Meine Kameraden und Vorgesetzten unterstützen mich und finden es auch gut, dass ich als einer der Ersten in die Auswahl gekommen bin. Es wird natürlich spannend, wie wir damit umgehen, wenn es in der Truppe Soldatinnen und Soldaten mit dem Dienstgrad gibt. Man ist ja immer noch in der Laufbahn der Mannschaften und man sticht halt aus der Masse heraus. Ich denke aber, dass es mit der Zeit normal wird und der neue Dienstgrad akzeptiert wird.

Jetzt noch bewerben

Der erste Aufruf- und Bewerbungsdurchgang zur Förderung besonders geeigneter Mannschaftssolden zum Korporal ist erfolgreich abgeschlossen. Im vierten Quartal 2021 werden die ersten Korporale ausgewählt werden. Die Dienstposten, für die es bisher keinen Bewerbungseingang gab, werden nochmals ausgeschrieben.

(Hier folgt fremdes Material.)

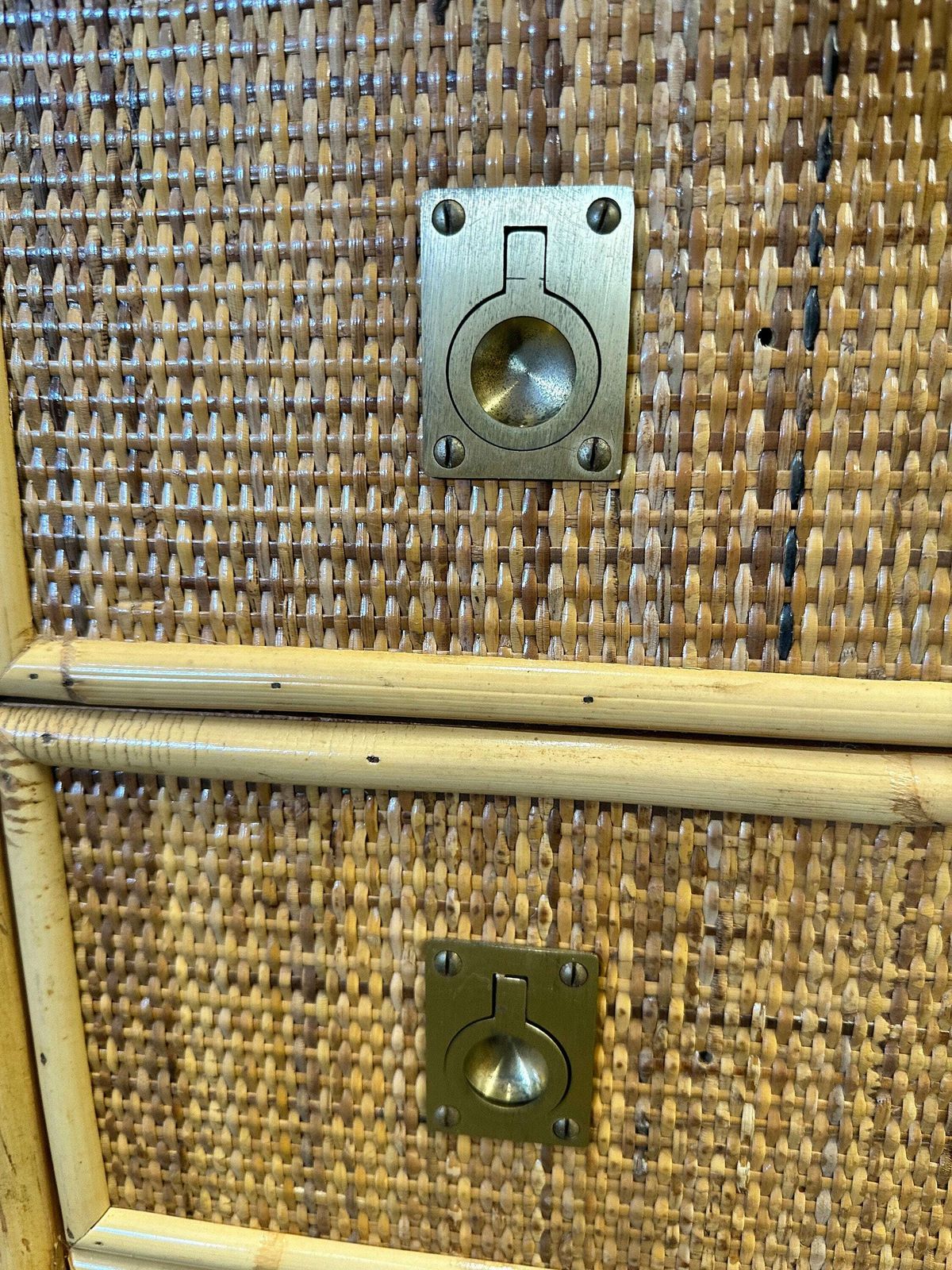 Midcentury Bamboo, Rattan And Brass Chest Of Drawers By Dal Vera, Italy, 1970s photo for sale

Soldatinnen und Soldaten mit mindestens drei Jahren im Dienstgrad Oberstabsgefreiter, die die Ausbildungsvoraussetzungen der ausgeschriebenen Dienstposten ihres Verbandes erfüllen und drei Jahren Restdienstzeit beziehungsweise den Willen zur Weiterverpflichtung haben, richten ihre Anträge/Bewerbungen bis zum 31. August 2021 an ihre Vorgesetzten vor Ort.